ガエル記

散策

『ポーの一族』「エディス」(1976年)萩尾望都

 

1976年「別冊少女コミック」4~6月号

ポーの一族』シリーズ15作目。現在の再開に至るまでは長い間ここで最終作となっていました。

 

 

ネタバレします。

 

 

この一作については様々な思い出があります。

まずはなんといっても衝撃的な終わり方。

私はどんな終わり方であろうともエドガーとアランは永遠の時を生きるのでしょう、というような夢みる終わり方になるとなんとなく信じ切っていて疑わないでいたのだ。

それがアランの死、というそれまでのどんなマンガいやコンテンツから受けたことのない残酷な仕打ちをされしばらく茫然とするしかなかった。

なぜ作者はこんな冷徹なエンディングを与えたもうたのか。

悲しかった。

 

折りしも萩尾望都氏の絵柄が以前の造形と変化し顔立ちが丸っこく変わっている時期になっている。

私は萩尾氏の変化がそのまま終結を意味している気もしていた。

それが単なる杞憂だったのは今現在ならわかるのだがその時は萩望都が終わるのではないかと恐れていた。

終わりどころか、その後ずっと数々の名作が生まれていくのだ。

しかし1974年に『トーマの心臓』が描かれ1975年に『11人いる!』そして『ポーの一族』の「エヴァンズの遺書」から「一週間」までの名作の数々、その後1976年には『アメリカン・パイ』という素晴らしい短編を描いた後の本作だが突如ここから丸い顔になってしまっている。

詳しい方ならもっと詳細を書けるのかもしれないが私にはこの本作で「萩尾望都が変わってしまった。
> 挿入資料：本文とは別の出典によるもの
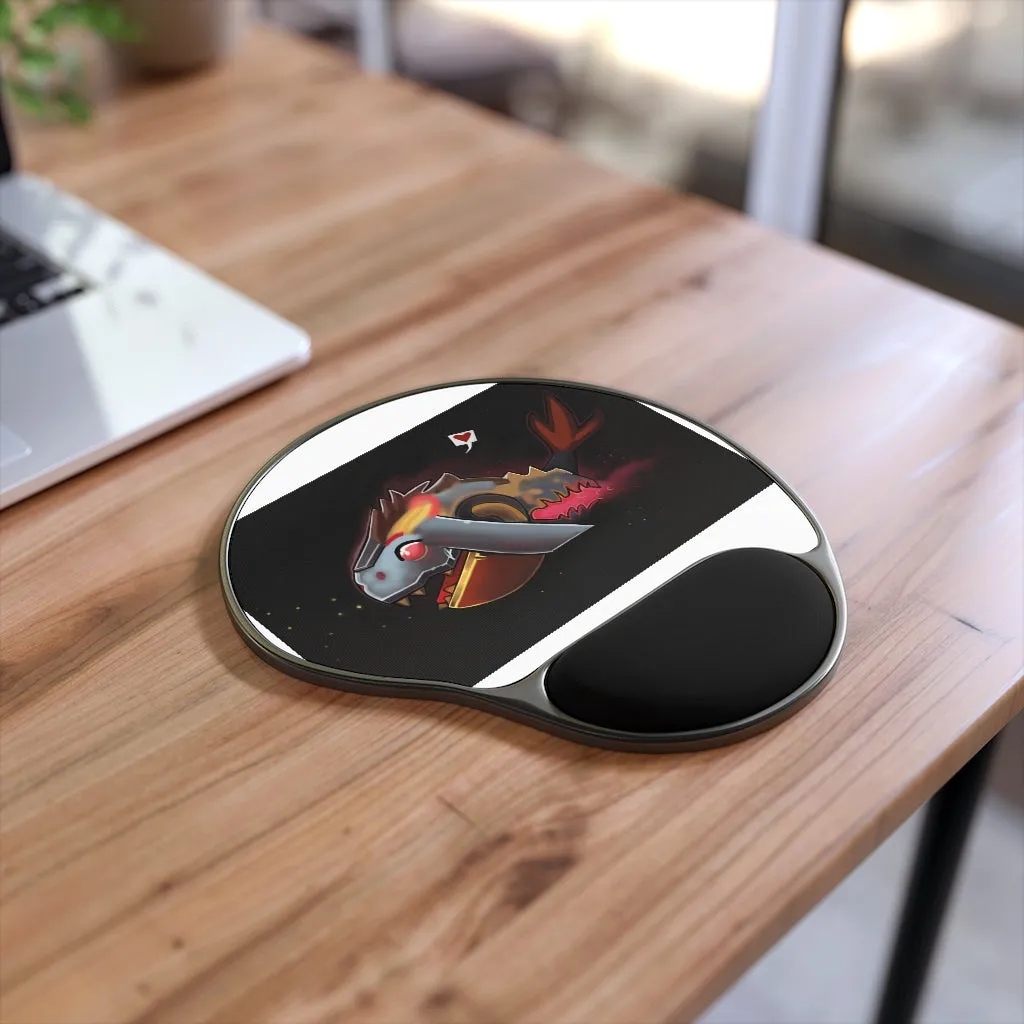 Mecha Whale Strider Mouse Pad With Wrist Rest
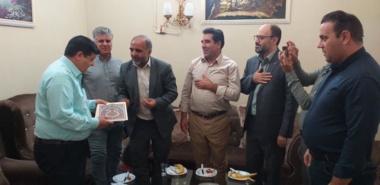 قدردانی از آزاده سرافراز منصور پیرهادی تواندشتی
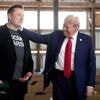 Photos show Elon Musk and President Donald Trump's relationship before their feud reignited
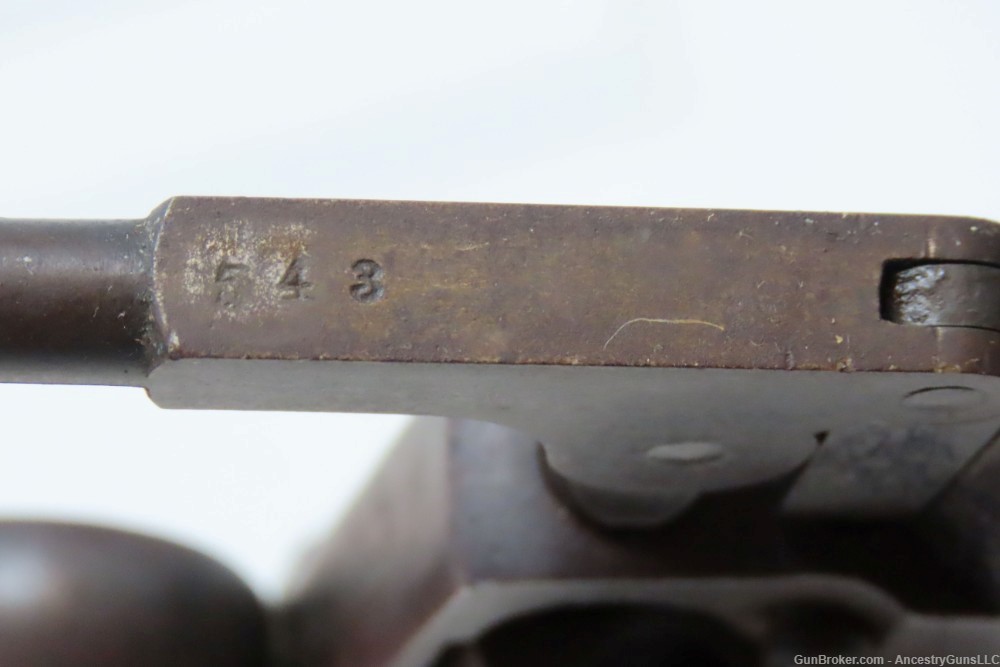SCARCE CIVIL WAR Antique Raymond & Robitaille PETTENGILL .34 NAVY Revolver -img-11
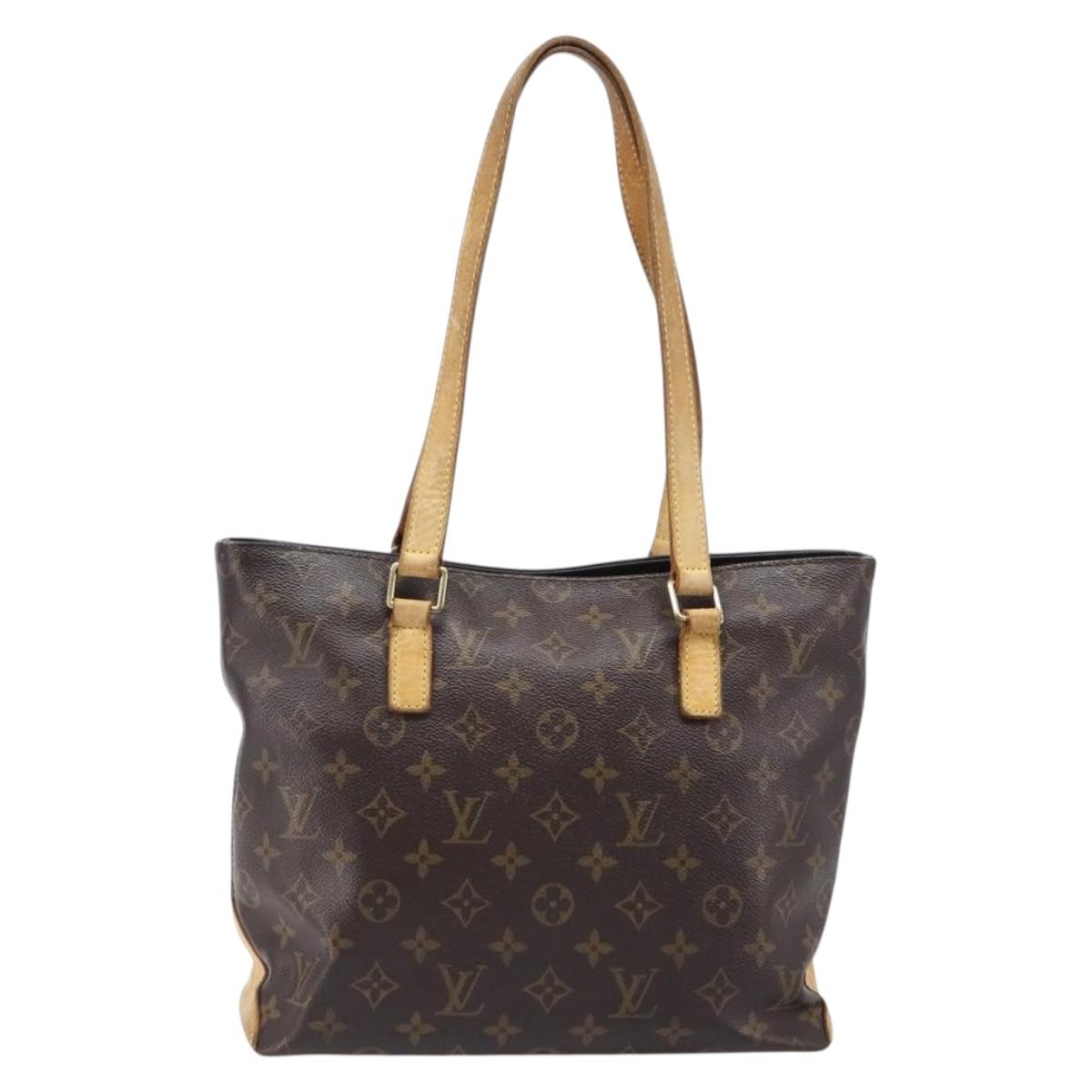 LOUIS VUITTON Monogram Cabas Piano Tote Bag M51148 LV Auth bs37274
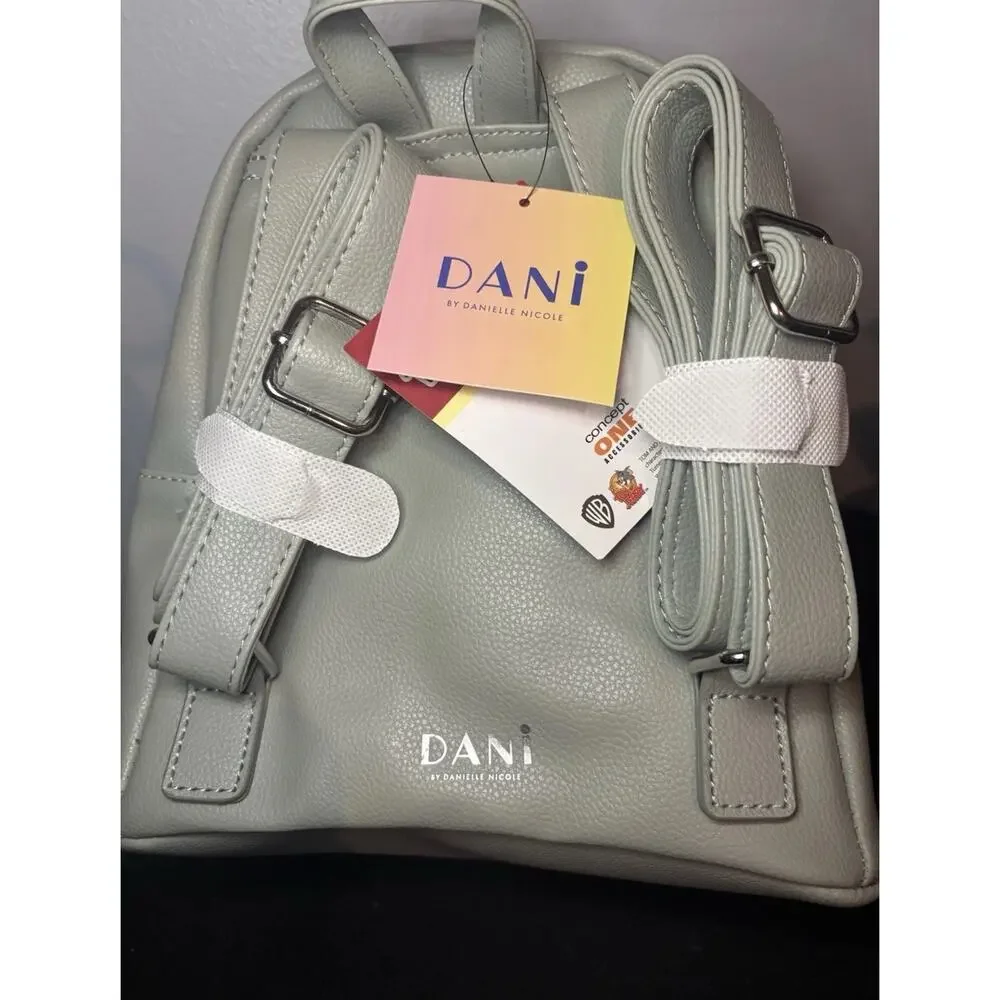 Tom and Jerry Grey Danielle Nicole Mini Backpack New with Tags - Picture 2 of 2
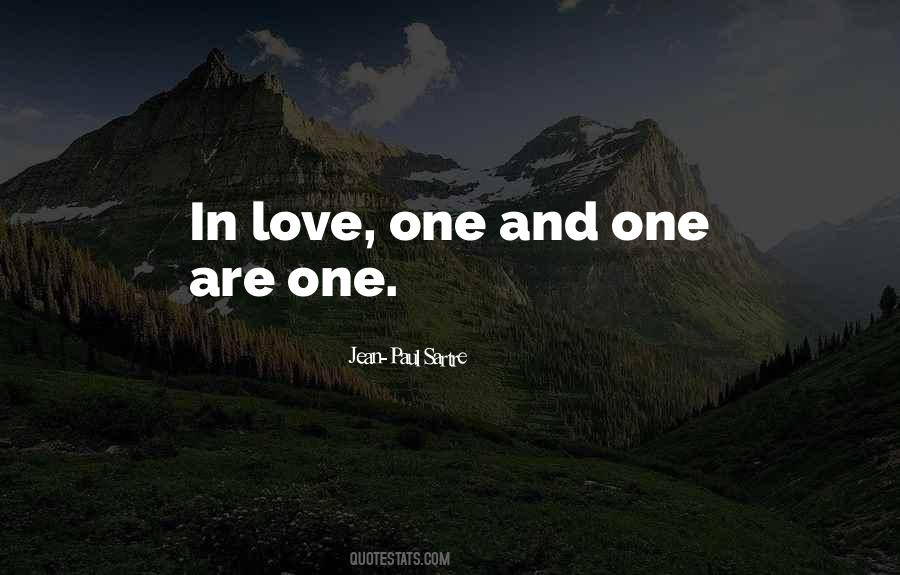 One And One Quotes #136253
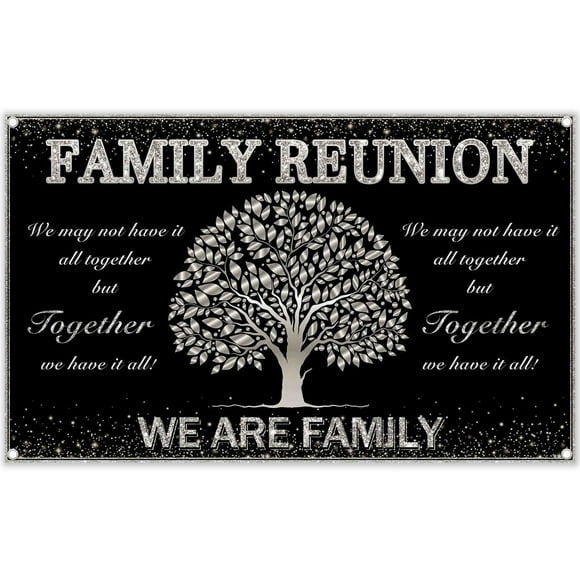 Family Tree Gathering Backdrop 96x60inch - Perfect for Reunions, Celebrations, and Photo Booths. Create Lasting Memories with This Unique Family Decoration Banner.
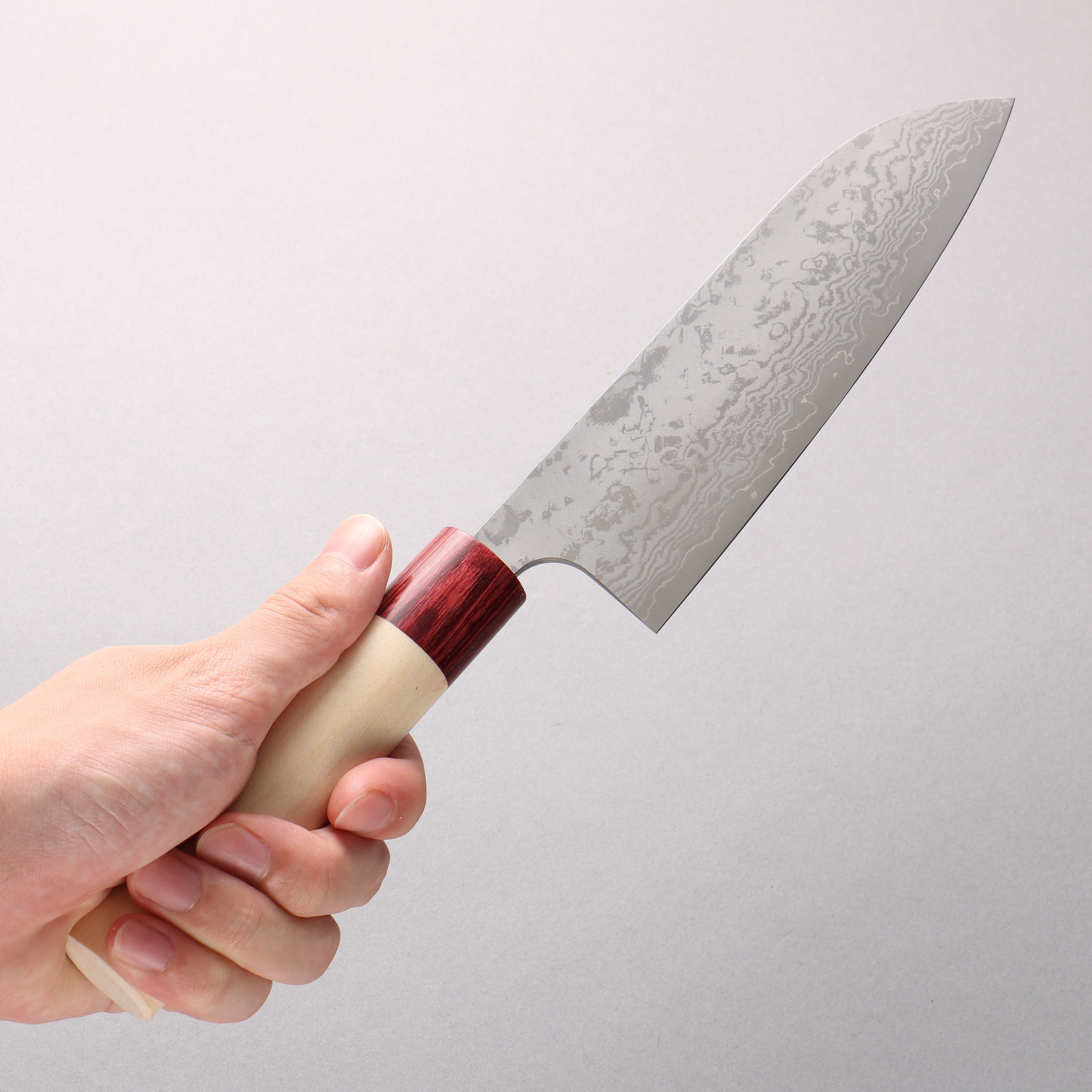 Masakage Kiri VG10 Damascus Santoku 170mm Magnolia Handle - Seisuke Knife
終わってしまった」と感じていた。

(しかしこれ本当に馬鹿々々しい話で今読むとまったく遜色ない綺麗な絵としか思えない。なにをそんなに恐れたのだろうか)

それともやはり逡巡の時期ではあったのだろうか。

年表を見ると1976年は作品数が少ない。本作の後だったか『続・11人いる!』でも絵の変化と主要人物の死亡で涙した。

1977年はレイ・ブラッドベリ及び光瀬龍の『百億の昼と千億の夜』というマンガ化作品が並ぶ。

1978年の『ゴールデンライラック』を経て『スター・レッド』で萩尾望都は次の段階に入って奇跡の生還をしたと感じた。

しかしそう書き並べれば1976年に終わったのかと案じて1978年に復活していてその間に名作『百億の昼と千億の夜』とレイ・ブラッドベリマンガ化そして涙の『アメリカン・パイ』まで描いているのだからそれはもうスランプとは言い難いではないか。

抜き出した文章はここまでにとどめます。